» Activity:
Give back, word for word, the lines in the listing below from the one holding "Womp Womp Shirt Unisex" down to the one holding "1FADP3K25FL315550 2015 Ford", both ends included.

#### Source material

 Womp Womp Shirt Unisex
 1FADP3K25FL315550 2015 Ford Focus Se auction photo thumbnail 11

########
#### Source material

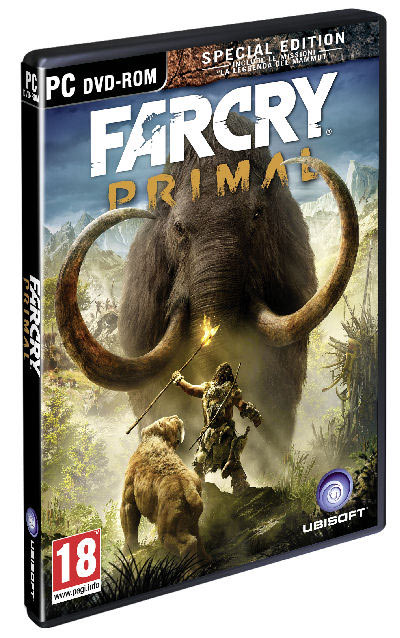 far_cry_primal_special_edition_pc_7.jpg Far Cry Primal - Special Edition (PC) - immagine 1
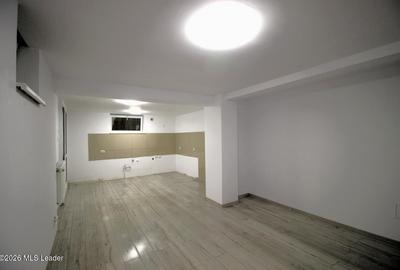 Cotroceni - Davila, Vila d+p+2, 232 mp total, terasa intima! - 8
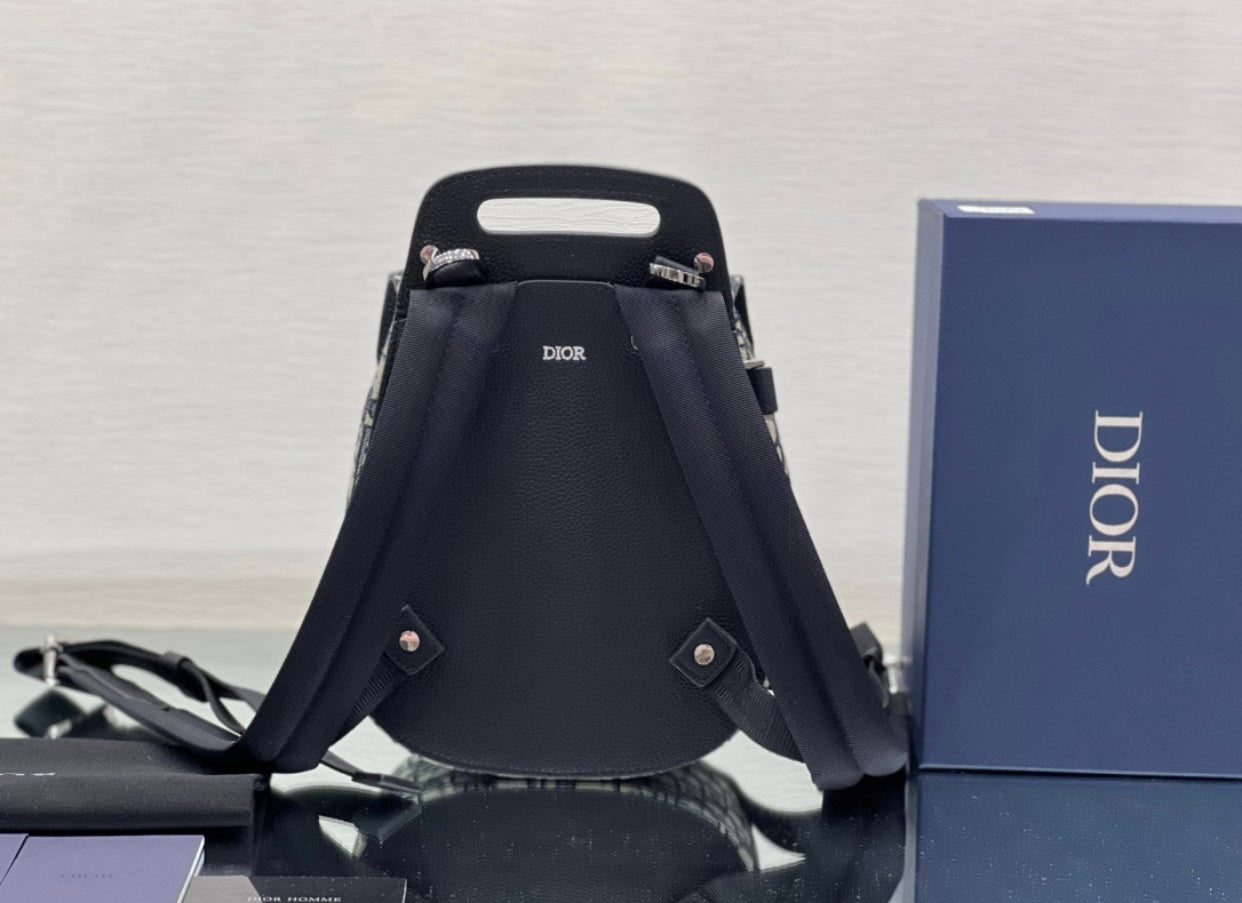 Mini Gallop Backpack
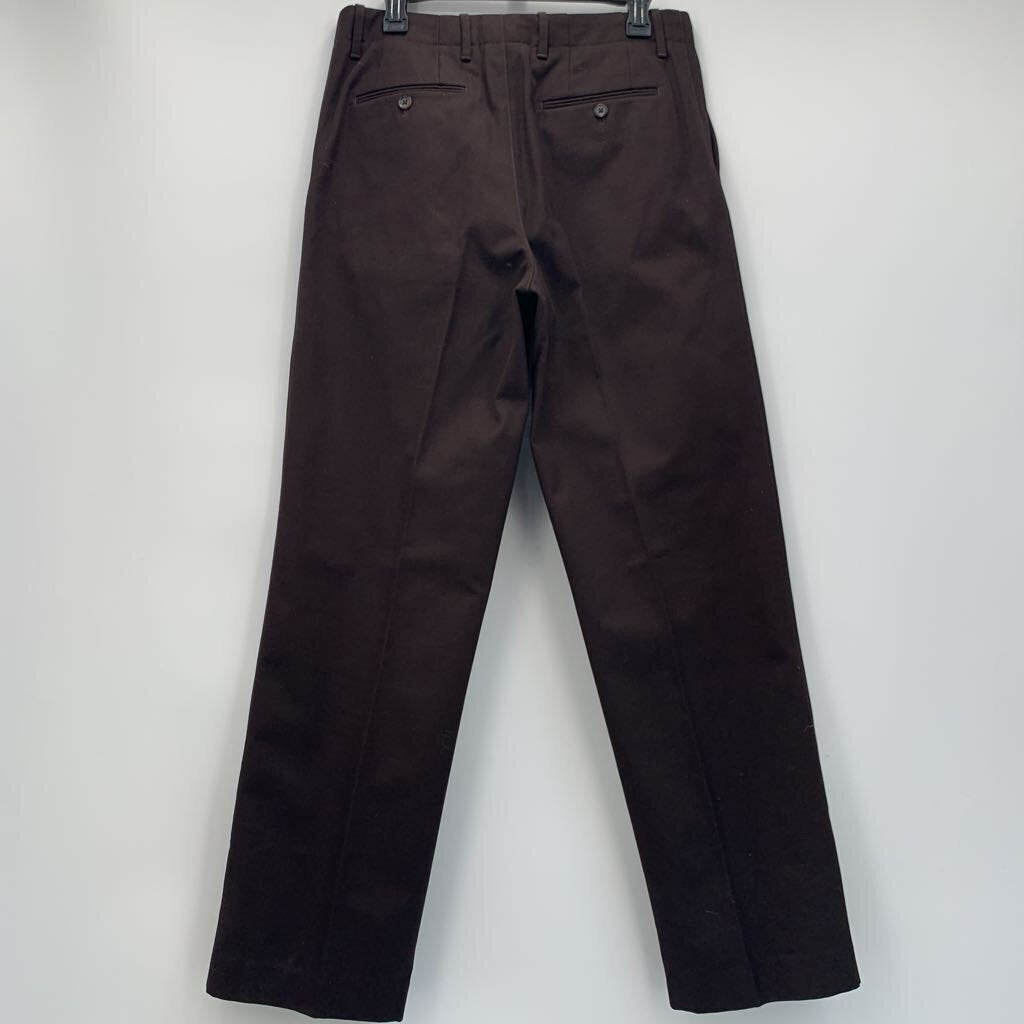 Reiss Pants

########

» Response box:
 Womp Womp Shirt Unisex
 1FADP3K25FL315550 2015 Ford Focus Se auction photo thumbnail 11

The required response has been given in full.